* [PROBLEM DETAILS]:
Give again only those lines from the start of the entries through the line holding "Ketua PWI Provinsi", leaving them as they are.

* [RECORDS]:

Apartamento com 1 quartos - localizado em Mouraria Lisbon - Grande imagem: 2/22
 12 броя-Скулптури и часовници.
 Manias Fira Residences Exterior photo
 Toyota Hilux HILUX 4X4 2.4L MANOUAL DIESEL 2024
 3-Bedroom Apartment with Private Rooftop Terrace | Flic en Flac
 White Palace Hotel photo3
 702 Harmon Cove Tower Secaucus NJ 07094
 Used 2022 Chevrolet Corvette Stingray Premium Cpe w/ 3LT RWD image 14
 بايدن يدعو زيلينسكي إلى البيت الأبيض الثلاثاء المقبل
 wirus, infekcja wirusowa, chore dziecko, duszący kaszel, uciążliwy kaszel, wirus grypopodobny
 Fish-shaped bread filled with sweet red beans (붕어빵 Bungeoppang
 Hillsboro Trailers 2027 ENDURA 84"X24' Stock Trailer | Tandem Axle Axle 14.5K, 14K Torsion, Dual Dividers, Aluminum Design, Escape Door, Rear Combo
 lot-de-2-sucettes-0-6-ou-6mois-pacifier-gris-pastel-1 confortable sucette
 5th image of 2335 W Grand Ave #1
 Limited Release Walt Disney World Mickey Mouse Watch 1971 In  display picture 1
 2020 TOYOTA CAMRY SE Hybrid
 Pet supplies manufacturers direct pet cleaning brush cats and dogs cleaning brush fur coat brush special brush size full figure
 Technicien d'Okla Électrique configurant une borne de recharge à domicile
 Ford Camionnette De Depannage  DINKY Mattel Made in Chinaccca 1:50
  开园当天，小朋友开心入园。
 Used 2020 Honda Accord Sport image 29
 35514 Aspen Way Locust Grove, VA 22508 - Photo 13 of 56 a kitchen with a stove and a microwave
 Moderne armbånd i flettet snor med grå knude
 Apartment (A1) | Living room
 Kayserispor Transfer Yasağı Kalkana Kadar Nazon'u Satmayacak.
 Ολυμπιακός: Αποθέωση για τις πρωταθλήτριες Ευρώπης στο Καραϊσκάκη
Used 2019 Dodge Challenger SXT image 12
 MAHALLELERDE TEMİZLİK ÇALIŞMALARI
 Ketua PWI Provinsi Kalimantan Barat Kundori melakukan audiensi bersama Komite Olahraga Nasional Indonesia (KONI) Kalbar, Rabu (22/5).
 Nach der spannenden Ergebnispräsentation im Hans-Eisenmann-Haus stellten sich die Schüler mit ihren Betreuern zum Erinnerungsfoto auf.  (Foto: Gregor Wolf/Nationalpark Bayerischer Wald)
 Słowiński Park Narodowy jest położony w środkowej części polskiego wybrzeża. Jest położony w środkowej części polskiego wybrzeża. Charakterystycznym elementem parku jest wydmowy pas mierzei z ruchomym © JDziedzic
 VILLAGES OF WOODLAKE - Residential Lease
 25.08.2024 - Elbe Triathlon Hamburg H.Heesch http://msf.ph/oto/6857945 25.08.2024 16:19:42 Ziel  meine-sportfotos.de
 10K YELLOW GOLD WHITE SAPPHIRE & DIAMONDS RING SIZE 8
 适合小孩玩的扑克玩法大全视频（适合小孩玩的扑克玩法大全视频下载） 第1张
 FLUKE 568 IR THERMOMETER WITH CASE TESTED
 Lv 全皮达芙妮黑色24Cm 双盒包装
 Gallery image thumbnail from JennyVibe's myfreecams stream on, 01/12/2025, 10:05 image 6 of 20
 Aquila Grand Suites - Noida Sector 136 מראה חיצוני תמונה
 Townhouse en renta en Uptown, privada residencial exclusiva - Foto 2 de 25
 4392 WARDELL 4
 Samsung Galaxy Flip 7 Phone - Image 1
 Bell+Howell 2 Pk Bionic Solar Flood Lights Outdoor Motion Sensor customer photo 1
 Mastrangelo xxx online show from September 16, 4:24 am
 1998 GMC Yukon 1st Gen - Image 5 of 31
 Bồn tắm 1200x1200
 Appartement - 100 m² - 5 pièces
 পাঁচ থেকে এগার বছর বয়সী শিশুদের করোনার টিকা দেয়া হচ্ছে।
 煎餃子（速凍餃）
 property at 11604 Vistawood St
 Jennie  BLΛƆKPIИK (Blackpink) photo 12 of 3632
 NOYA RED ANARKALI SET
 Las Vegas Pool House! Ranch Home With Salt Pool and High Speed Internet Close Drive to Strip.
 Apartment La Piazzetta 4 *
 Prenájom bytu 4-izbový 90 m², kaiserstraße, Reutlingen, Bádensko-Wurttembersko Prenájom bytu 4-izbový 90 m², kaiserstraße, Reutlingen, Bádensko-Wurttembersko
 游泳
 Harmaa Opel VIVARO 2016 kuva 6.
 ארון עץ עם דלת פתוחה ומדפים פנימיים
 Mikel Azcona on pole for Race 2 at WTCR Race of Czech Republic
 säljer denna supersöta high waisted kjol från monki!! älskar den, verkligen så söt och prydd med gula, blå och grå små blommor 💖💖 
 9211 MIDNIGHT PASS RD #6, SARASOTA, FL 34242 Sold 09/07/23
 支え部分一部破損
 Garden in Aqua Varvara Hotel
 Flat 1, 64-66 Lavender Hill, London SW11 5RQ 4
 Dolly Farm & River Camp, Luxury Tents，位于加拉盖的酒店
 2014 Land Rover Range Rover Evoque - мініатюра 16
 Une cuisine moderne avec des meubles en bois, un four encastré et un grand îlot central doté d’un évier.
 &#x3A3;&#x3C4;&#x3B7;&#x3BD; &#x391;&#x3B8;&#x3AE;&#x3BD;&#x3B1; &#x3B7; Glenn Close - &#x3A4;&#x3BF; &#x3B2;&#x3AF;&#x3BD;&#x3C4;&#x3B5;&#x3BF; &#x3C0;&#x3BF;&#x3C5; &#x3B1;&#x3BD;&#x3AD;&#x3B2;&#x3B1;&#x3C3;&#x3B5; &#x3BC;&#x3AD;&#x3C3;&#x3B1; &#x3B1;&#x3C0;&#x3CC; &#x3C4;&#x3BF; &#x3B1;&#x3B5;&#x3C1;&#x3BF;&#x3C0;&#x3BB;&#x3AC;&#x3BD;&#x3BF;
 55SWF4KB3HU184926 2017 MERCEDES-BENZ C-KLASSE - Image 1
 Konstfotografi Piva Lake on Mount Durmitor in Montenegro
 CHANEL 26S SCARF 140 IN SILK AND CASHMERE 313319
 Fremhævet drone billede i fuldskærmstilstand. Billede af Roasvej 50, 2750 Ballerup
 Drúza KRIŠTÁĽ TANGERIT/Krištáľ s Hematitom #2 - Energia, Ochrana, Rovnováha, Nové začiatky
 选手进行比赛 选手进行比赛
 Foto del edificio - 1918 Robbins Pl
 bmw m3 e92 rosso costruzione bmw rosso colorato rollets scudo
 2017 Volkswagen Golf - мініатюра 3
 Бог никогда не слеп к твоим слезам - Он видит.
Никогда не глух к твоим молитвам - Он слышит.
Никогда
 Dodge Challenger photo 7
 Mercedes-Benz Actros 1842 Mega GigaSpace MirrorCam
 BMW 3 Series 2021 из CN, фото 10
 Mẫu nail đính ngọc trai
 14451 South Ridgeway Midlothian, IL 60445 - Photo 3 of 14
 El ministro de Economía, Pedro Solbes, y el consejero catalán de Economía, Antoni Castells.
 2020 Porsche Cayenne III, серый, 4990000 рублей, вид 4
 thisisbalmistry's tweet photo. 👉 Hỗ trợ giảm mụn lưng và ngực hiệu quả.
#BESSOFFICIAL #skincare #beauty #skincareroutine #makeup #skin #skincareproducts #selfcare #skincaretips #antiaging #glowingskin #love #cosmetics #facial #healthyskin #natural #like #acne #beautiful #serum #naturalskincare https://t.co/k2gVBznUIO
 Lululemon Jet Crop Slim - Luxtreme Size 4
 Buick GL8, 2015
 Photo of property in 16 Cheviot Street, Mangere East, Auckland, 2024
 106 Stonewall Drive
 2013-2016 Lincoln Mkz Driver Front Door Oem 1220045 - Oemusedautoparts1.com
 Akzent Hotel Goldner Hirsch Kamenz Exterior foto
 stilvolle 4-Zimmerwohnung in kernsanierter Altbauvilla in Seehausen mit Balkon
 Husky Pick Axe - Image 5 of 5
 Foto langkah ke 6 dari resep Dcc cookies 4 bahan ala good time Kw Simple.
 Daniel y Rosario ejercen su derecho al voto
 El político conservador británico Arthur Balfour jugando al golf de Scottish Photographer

* [ANSWER FOR THE TASK]:
Apartamento com 1 quartos - localizado em Mouraria Lisbon - Grande imagem: 2/22
 12 броя-Скулптури и часовници.
 Manias Fira Residences Exterior photo
 Toyota Hilux HILUX 4X4 2.4L MANOUAL DIESEL 2024
 3-Bedroom Apartment with Private Rooftop Terrace | Flic en Flac
 White Palace Hotel photo3
 702 Harmon Cove Tower Secaucus NJ 07094
 Used 2022 Chevrolet Corvette Stingray Premium Cpe w/ 3LT RWD image 14
 بايدن يدعو زيلينسكي إلى البيت الأبيض الثلاثاء المقبل
 wirus, infekcja wirusowa, chore dziecko, duszący kaszel, uciążliwy kaszel, wirus grypopodobny
 Fish-shaped bread filled with sweet red beans (붕어빵 Bungeoppang
 Hillsboro Trailers 2027 ENDURA 84"X24' Stock Trailer | Tandem Axle Axle 14.5K, 14K Torsion, Dual Dividers, Aluminum Design, Escape Door, Rear Combo
 lot-de-2-sucettes-0-6-ou-6mois-pacifier-gris-pastel-1 confortable sucette
 5th image of 2335 W Grand Ave #1
 Limited Release Walt Disney World Mickey Mouse Watch 1971 In  display picture 1
 2020 TOYOTA CAMRY SE Hybrid
 Pet supplies manufacturers direct pet cleaning brush cats and dogs cleaning brush fur coat brush special brush size full figure
 Technicien d'Okla Électrique configurant une borne de recharge à domicile
 Ford Camionnette De Depannage  DINKY Mattel Made in Chinaccca 1:50
  开园当天，小朋友开心入园。
 Used 2020 Honda Accord Sport image 29
 35514 Aspen Way Locust Grove, VA 22508 - Photo 13 of 56 a kitchen with a stove and a microwave
 Moderne armbånd i flettet snor med grå knude
 Apartment (A1) | Living room
 Kayserispor Transfer Yasağı Kalkana Kadar Nazon'u Satmayacak.
 Ολυμπιακός: Αποθέωση για τις πρωταθλήτριες Ευρώπης στο Καραϊσκάκη
Used 2019 Dodge Challenger SXT image 12
 MAHALLELERDE TEMİZLİK ÇALIŞMALARI
 Ketua PWI Provinsi Kalimantan Barat Kundori melakukan audiensi bersama Komite Olahraga Nasional Indonesia (KONI) Kalbar, Rabu (22/5).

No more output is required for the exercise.